- _The task_:
Wherever a line in the records contains the word "Black", return that line.

- _Material for this task_:
========================================

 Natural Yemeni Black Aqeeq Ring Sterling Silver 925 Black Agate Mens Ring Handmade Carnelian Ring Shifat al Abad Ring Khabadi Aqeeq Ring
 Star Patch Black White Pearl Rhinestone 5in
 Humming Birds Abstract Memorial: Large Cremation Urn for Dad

========================================

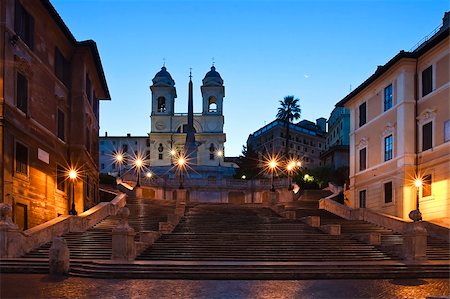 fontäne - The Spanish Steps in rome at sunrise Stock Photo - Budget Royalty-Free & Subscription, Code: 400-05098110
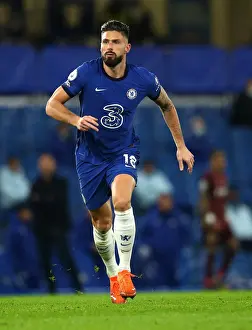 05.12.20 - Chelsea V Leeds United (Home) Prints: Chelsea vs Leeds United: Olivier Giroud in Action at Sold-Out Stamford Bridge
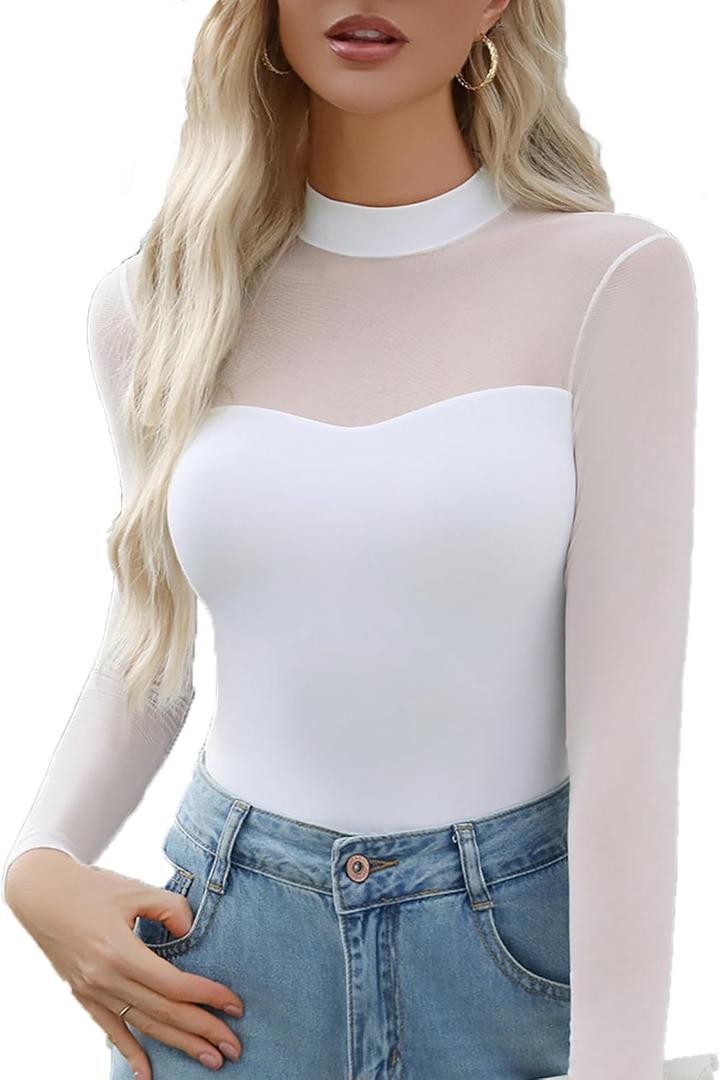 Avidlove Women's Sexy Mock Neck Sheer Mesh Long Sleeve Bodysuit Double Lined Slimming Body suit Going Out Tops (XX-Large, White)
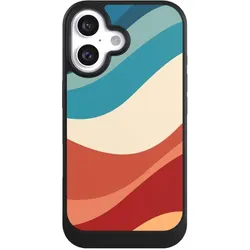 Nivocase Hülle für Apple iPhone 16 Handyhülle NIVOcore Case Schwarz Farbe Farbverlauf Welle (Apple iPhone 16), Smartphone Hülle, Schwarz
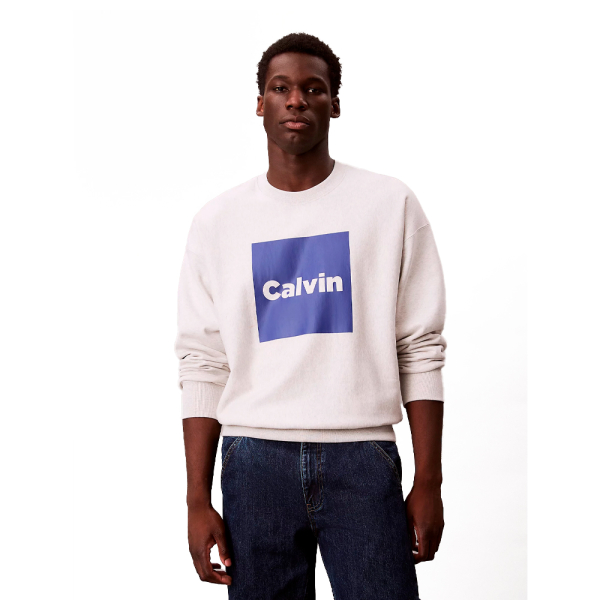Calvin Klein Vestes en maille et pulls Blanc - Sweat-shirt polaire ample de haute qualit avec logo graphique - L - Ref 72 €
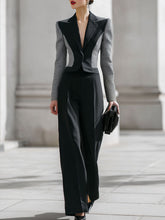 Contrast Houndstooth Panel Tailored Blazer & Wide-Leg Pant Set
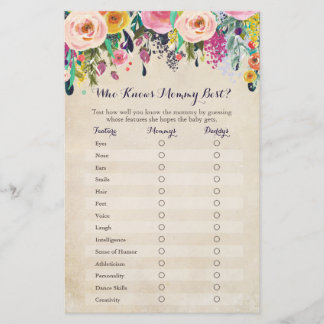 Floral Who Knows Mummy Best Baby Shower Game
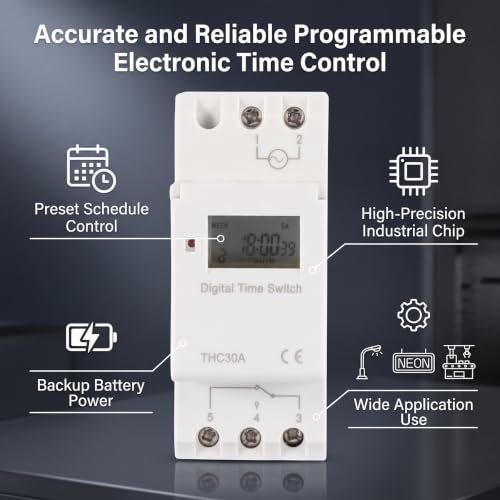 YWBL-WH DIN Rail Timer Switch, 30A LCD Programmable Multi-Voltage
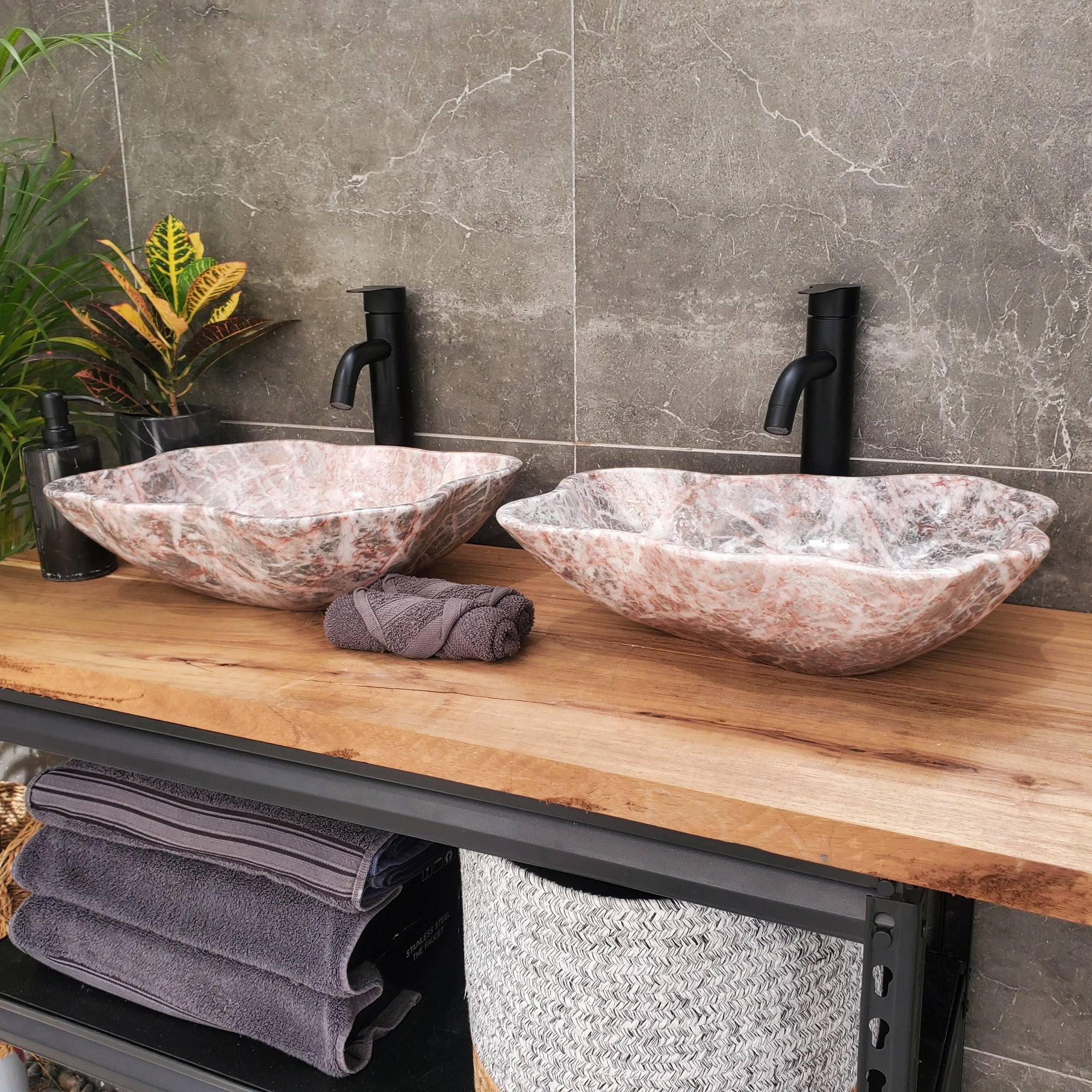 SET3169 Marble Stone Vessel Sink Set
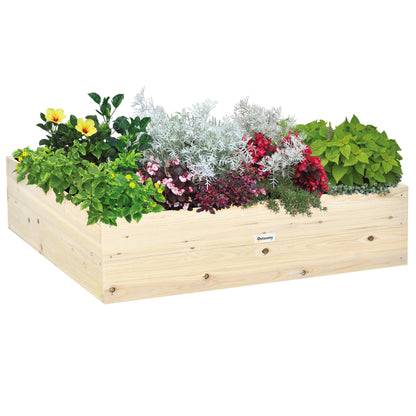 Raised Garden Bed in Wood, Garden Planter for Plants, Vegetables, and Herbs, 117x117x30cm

========================================

- _Completed exercise_:
 Natural Yemeni Black Aqeeq Ring Sterling Silver 925 Black Agate Mens Ring Handmade Carnelian Ring Shifat al Abad Ring Khabadi Aqeeq Ring
 Star Patch Black White Pearl Rhinestone 5in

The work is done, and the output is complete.